Supervision operates at multiple granularities: detection heads for TEs (2D bounding boxes) and LCs (3D point sequences), and a topology head for pairwise relationship classification. Label assignment utilizes the Hungarian algorithm for instance matching; losses include focal and regression terms for detection, and a focal loss for sparse pairwise topological edge prediction. Supervision is applied at every Transformer decoder and SGNN layer.

The model is designed for large-scale BEV with a unified ResNet50 backbone + FPN, and trained with AdamW, extensive data augmentation, and iterative cross-branch feature fusion. Hyperparameters controlling the ratio of propagated features (e.g., $\beta_{ll}$ , $\beta_{lt}$ ) are ablated to probe relational sensitivity.

Quantitative Results and Claims

On the OpenLane-V2 benchmark, TopoNet reports substantial improvements over previous state-of-the-art in both perceptual and topological metrics:

LC detection (DET $_l$ ): TopoNet surpasses previous SOTA by 15–84% absolute.
TE–LC topology (TOP $_{lt}$ ): TopoNet outperforms prior approaches by significant margins, especially in assigning traffic lights and signs to lane instances.
Multi-task OpenLane-V2 Score (OLS): TopoNet yields the highest scores, confirming the synergy between relational reasoning and instance detection.

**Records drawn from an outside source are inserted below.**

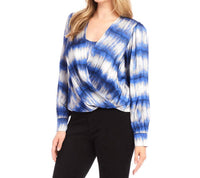 Karen Kane - Satin Drape Front Top - blouses - blue - clothing
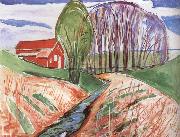 Edvard Munch Red House in the Spring oil painting reproduction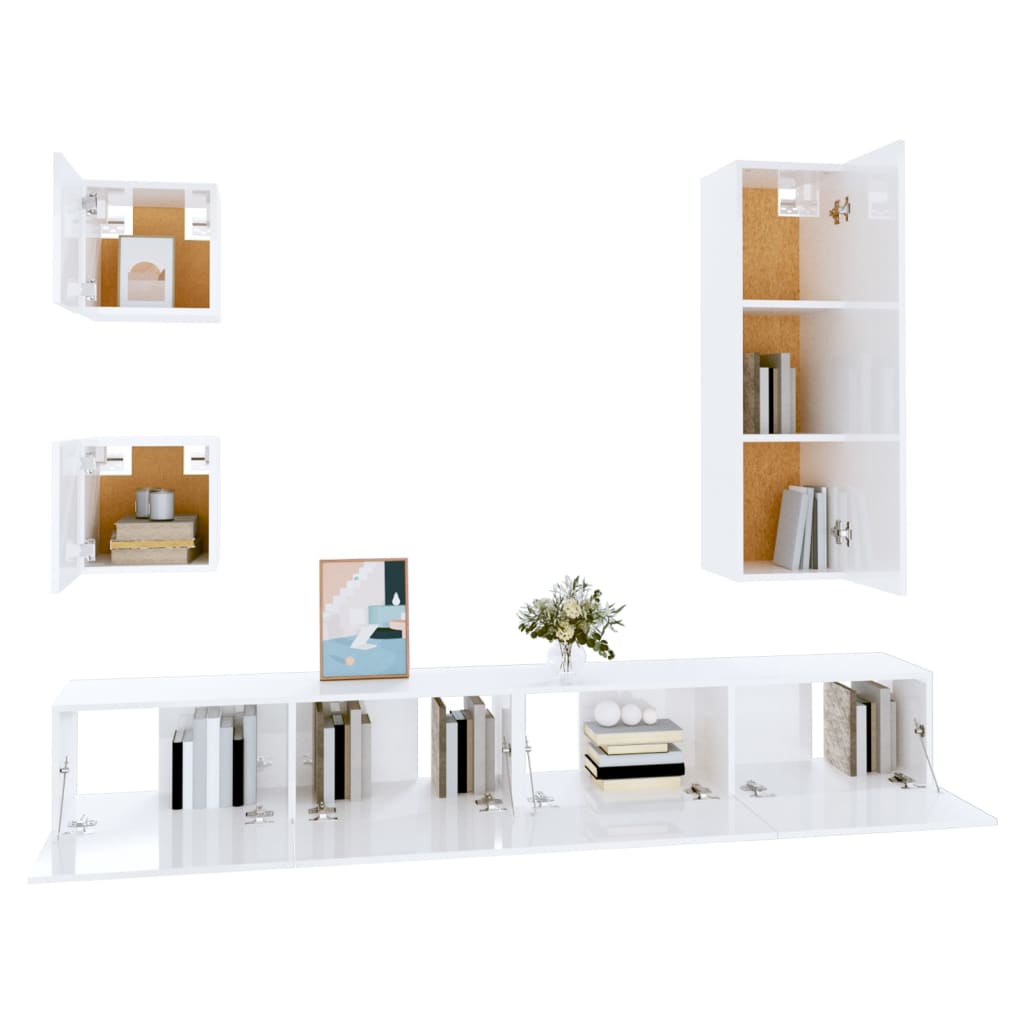 Ensemble de 5 meubles TV vidaXL blanc en bois d'ingénierie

The model maintains ~10 FPS inference rate on A100 class GPUs with input size $512\times676$ , proving its capacity for real-time deployment.

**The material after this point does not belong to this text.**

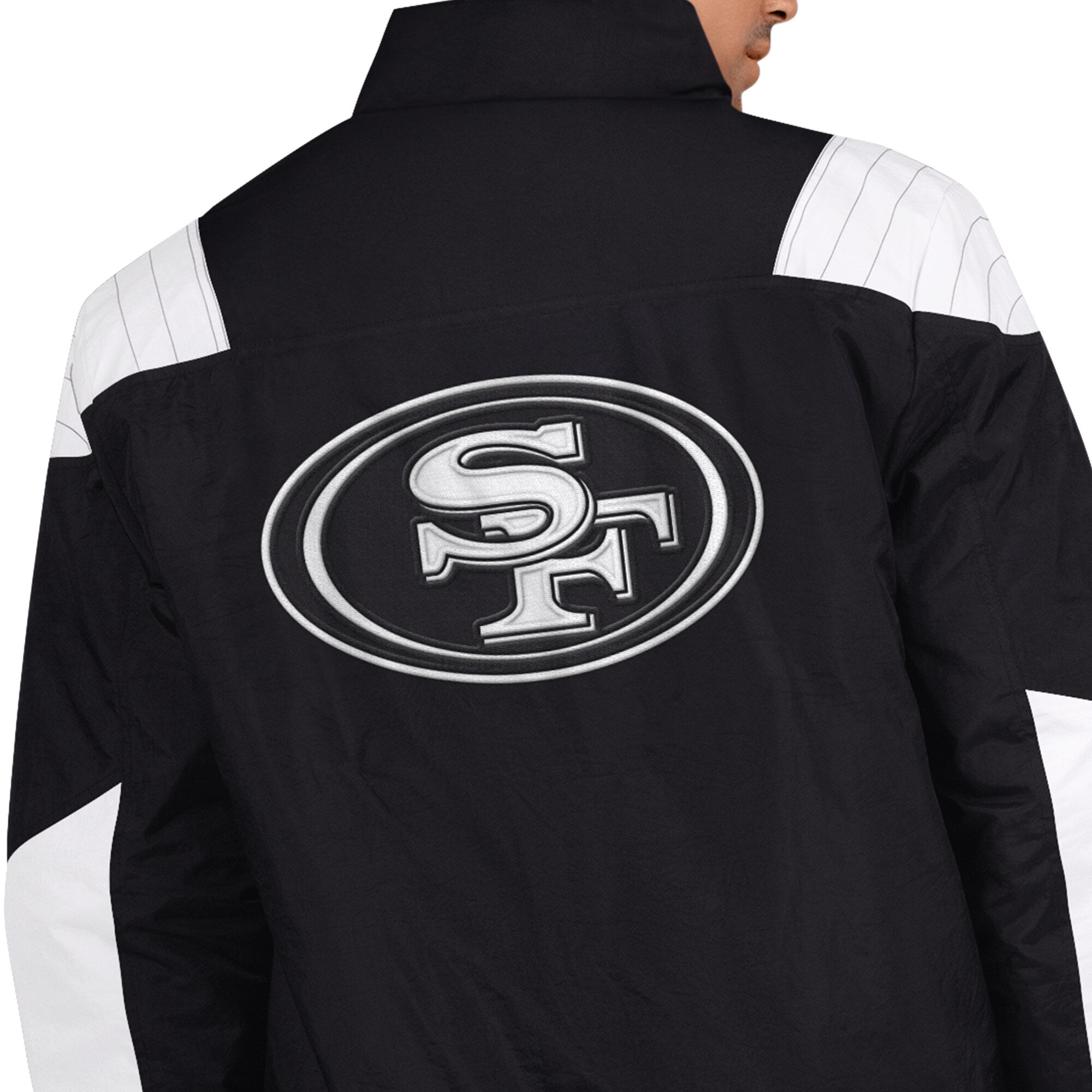 Veste Starter noire pour homme, modèle San Francisco 49ers, à demi-zip.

Ablative Analysis and Qualitative Performance

A comprehensive set of ablation studies eliminate architectural and relational components, verifying:

The marginal contributions of SGNN and scene knowledge graph design, with removal leading to measurable drops on DET $_l$ , TOP $_{ll}$ , TOP $_{lt}$ , and OLS.
Both LL and LT propagation are required (removal of either degrades respective topology perception).
The traffic element embedding module is critical for aligning TE and LC feature spaces.
Additional GNN layers degrade performance, evidencing oversmoothing and reducing embedding discrimination.

Qualitative analysis on challenging OpenLane-V2 data showcases TopoNet's ability to output complete lane graphs with correct TE–LC assignments even in dense, urban, and occluded settings, while legacy approaches fail to capture such relational patterns.

Figure 4: TopoNet and competitors on OpenLane-V2. TopoNet recovers lane graphs and semantic connections superiorly in complex urban intersections.

Figure 5: Failure case for TopoNet under large-area occlusion by a bus. The model still avoids invalid topological assignments, indicating robustness against spurious annotations.

Practical and Theoretical Implications

By unifying semantic and structural reasoning in a single architecture with explicit scene graph modeling and inductive relational priors, TopoNet represents a shift from task-specific object detection towards beta-structural perception systems, aligned with the requirements of real-world AV planners and motion predictors. The explicit incorporation of task-relevant priors and knowledge graphs addresses the longstanding limitation of neural methods in topological and regulatory context modeling.

The approach exposes multiple directions for further work, including:

Joint optimization of post-processing steps, such as merging/pruning lane candidates in an end-to-end fashion.
Extension to additional traffic element classes and more expressive knowledge graphs.
Integration of uncertainty modeling for topology under occlusion or annotation error.
Cross-task transfer to prediction and planning, leveraging richer and more interpretable scene representations.

Conclusion

TopoNet provides a robust solution to driving scene topology reasoning by combining end-to-end instance detection with explicit scene graph modeling and knowledge-driven message passing. Its advances in relational reasoning, semantic embedding, and unified multi-branch propagation demonstrate the necessity and benefit of explicit topology modeling for downstream autonomous driving perception stacks. The work motivates further convergence between scene graph neural methodologies and real-time AV perception/planning pipelines, serving as a strong foundation for future structural and interpretable urban scene understanding systems.